Darpan News Desk The Canadian Press, 15 Mar, 2018 01:12 PM
    WASHINGTON — U.S. President Donald Trump boasted in a fundraising speech that he made up details about trade in a meeting with Prime Minister Justin Trudeau, according to a recording of the comments.
     
     
    The leaked recording provided fodder for the American morning talk shows Thursday, animating discussions in the U.S. not only about the substance of the trading relationship but also the style of the president.
     
     
    Trump was overheard telling donors at an event in Missouri the previous night that he insisted to Trudeau that the United States runs a trade deficit with its neighbour to the north — without any idea of whether this is the case.
     
     
    Trump said on the recording that after Trudeau told him the U.S. does not have a trade deficit with Canada, he replied, "Wrong, Justin, you do," then added, "I didn't even know ... I had no idea."
     
     
     
     
    In the recording, first reported by The Washington Post, the president said staffers from each country were sent out to check the prime minister's claim. He said the staffers concluded Trump was correct.
     
     
    Trump said the staffers came back and said: "Well, sir, you're actually right." He said the U.S. has a deficit once you include energy and lumber trade, "and when you do, we lose $17 billion a year. It's incredible."
     
     
     
     
    His own government's statistics tell a different story. The 2018 White House Economic Report of the President says the U.S. ran a trade surplus of $2.6 billion with Canada on a balance-of-payments basis. The U.S. Trade Representative's office says the goods and services trade surplus with Canada was $12.5 billion in 2016.
     
     
    There are different ways to calculate the final number.

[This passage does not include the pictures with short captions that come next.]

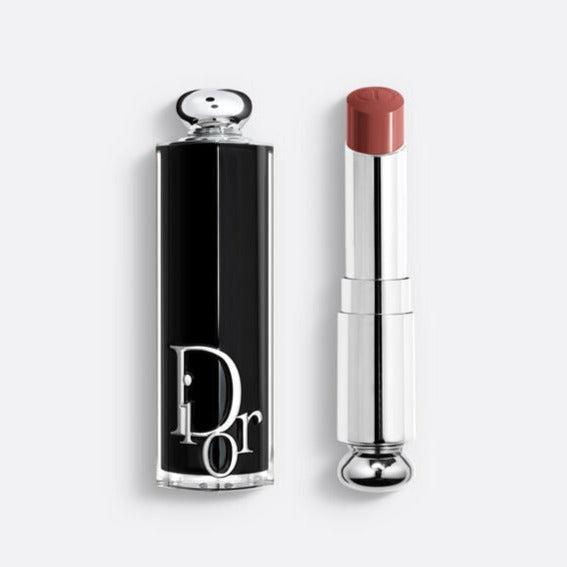 DIOR ADDICT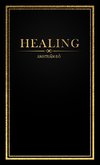 Healing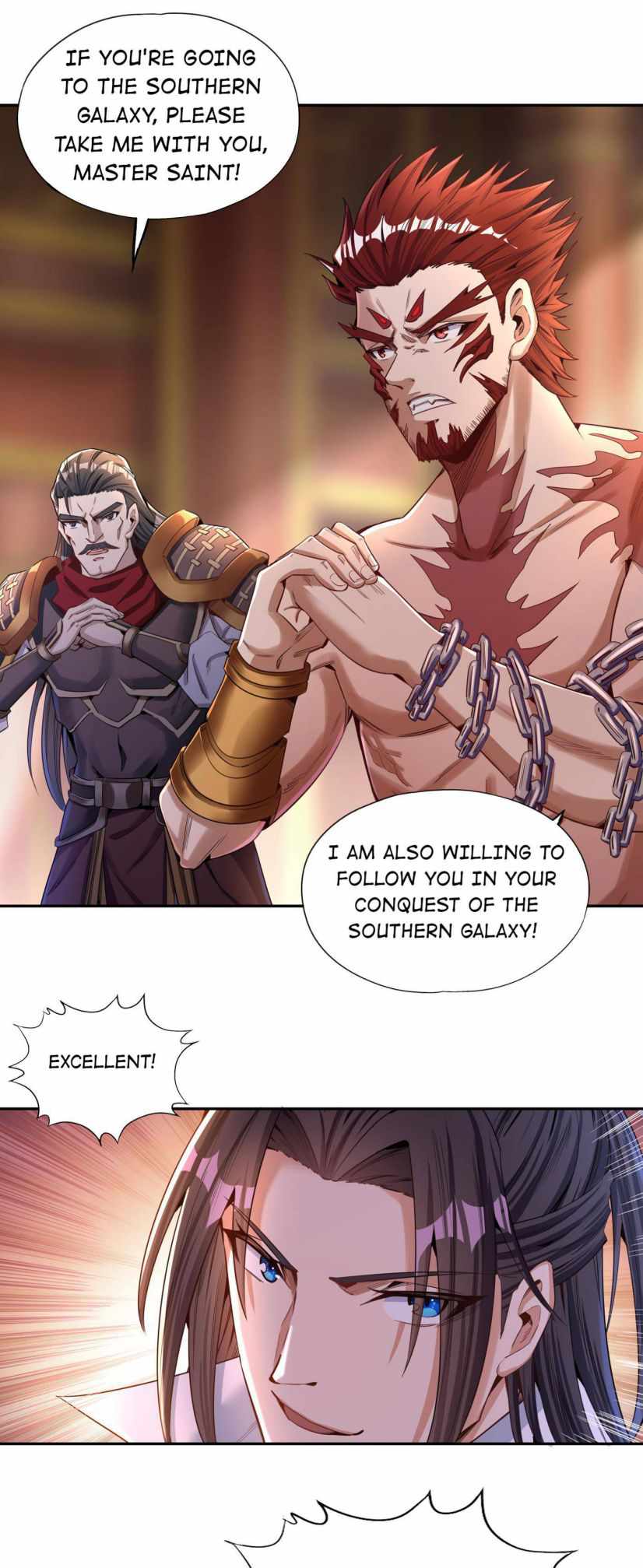 Page 12 of Chapter 77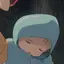 i amのプロフィール画像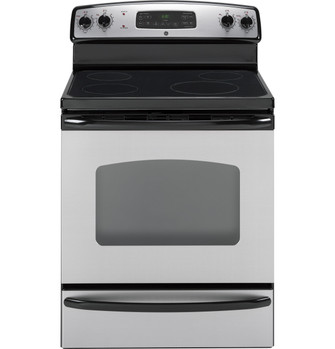 R12802.jpg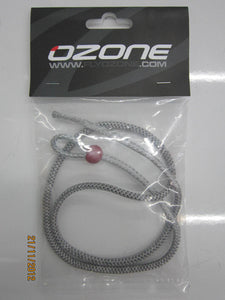 Flag Out Line para RACE y FOIL RACE
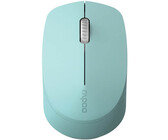 Cooler Master Xornet II Gaming Mouse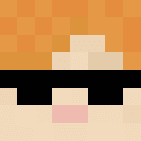 koziep avatar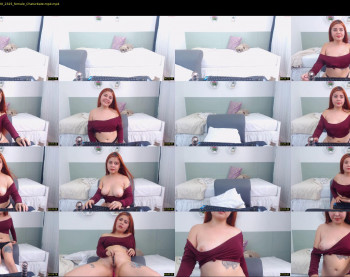 darkdaydream7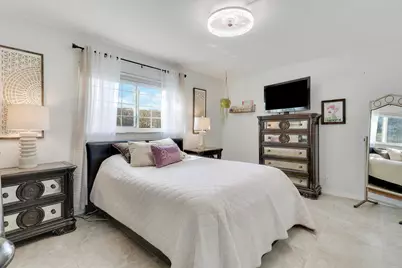 1700 Dover Road #106a, Delray Beach, FL 33445 - Photo 8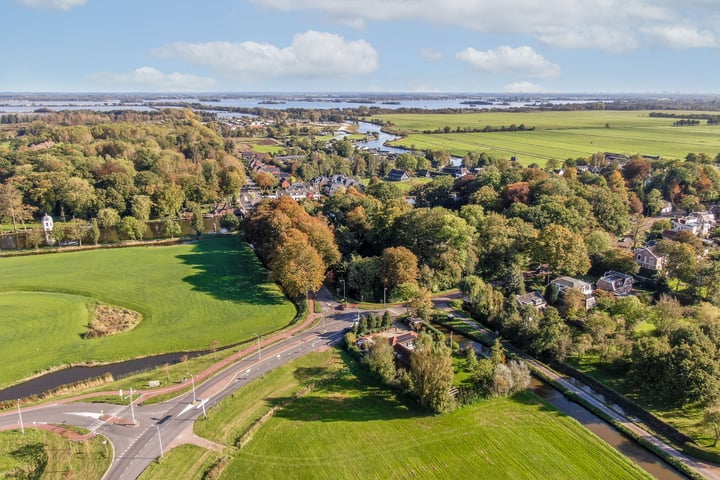 Bekijk foto 47 van Rijksstraatweg 95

Canada's own formula sides with Trump, as it excludes the country of origin in a three-party transaction: Say, a Chinese laptop is shipped through Canada, and into the U.S., the Canadian formula counts it as a Canadian export.
     
     
    The last U.S. ambassador to Canada under Barack Obama calls the whole debate foolish.
     
     
    At dispute is an alleged deficit that amounts to less than two per cent of US$630 billion in annual Canada-U.S. trade, and the final result can be made or broken by a small shift in energy prices and currency values.
     
     
    What bothers Bruce Heyman most is that the president of his country keeps threatening to stifle trade with Canada, and then shows up at meetings without having a grasp of the most basic details.
     
     
    "What has incensed me is that the president is picking a fight with Canada," Heyman said in an interview. "Reckless. It's infuriating to me."
     
     
    He contrasted this approach with the president he served: "(Obama) was highly briefed before entering a meeting with the prime minister... President Obama was a voracious consumer of information before making a decision. It's almost the exact opposite of what I'm seeing now."
     
     
    Trump was roasted on some of the U.S. morning TV shows.
     
     
     
     
    Trump's former NBC colleague and current nemesis Joe Scarborough said he's no fan of Trudeau, but had to admit the prime minister is right and Trump is wrong: "It is a funny story (Trump told). But it is a lie.... He was lying last night — what a surprise — to his contributors.''
     
     
    The story led the next show on MSNBC, where host Stephanie Ruhle said: ''That right there is humiliating for this country... This is pathetic. This is humiliating.''
     
     
    The Washington Post followed up with an item headlined, "Why Trump’s admission that he made stuff up to Justin Trudeau is particularly bad." It expressed concern about what would happen if the president just decides to ''wing it'' in conversations with North Korea.
     
     
    Trump, meanwhile, wasn't giving an inch.
     
     
    ''We do have a trade deficit with Canada,'' he tweeted Thursday. 
     
     
    ''As we do with almost all countries (some of them massive). P.M. Justin Trudeau of Canada, a very good guy, doesn't like saying that Canada has a surplus vs. the U.S. (negotiating), but they do ... they almost all do ... and that’s how I know!''
     
     
    The U.S. does run chronic long-term trade deficits with the world as a whole — but, contrary to the president's claim, it does have surpluses with many countries.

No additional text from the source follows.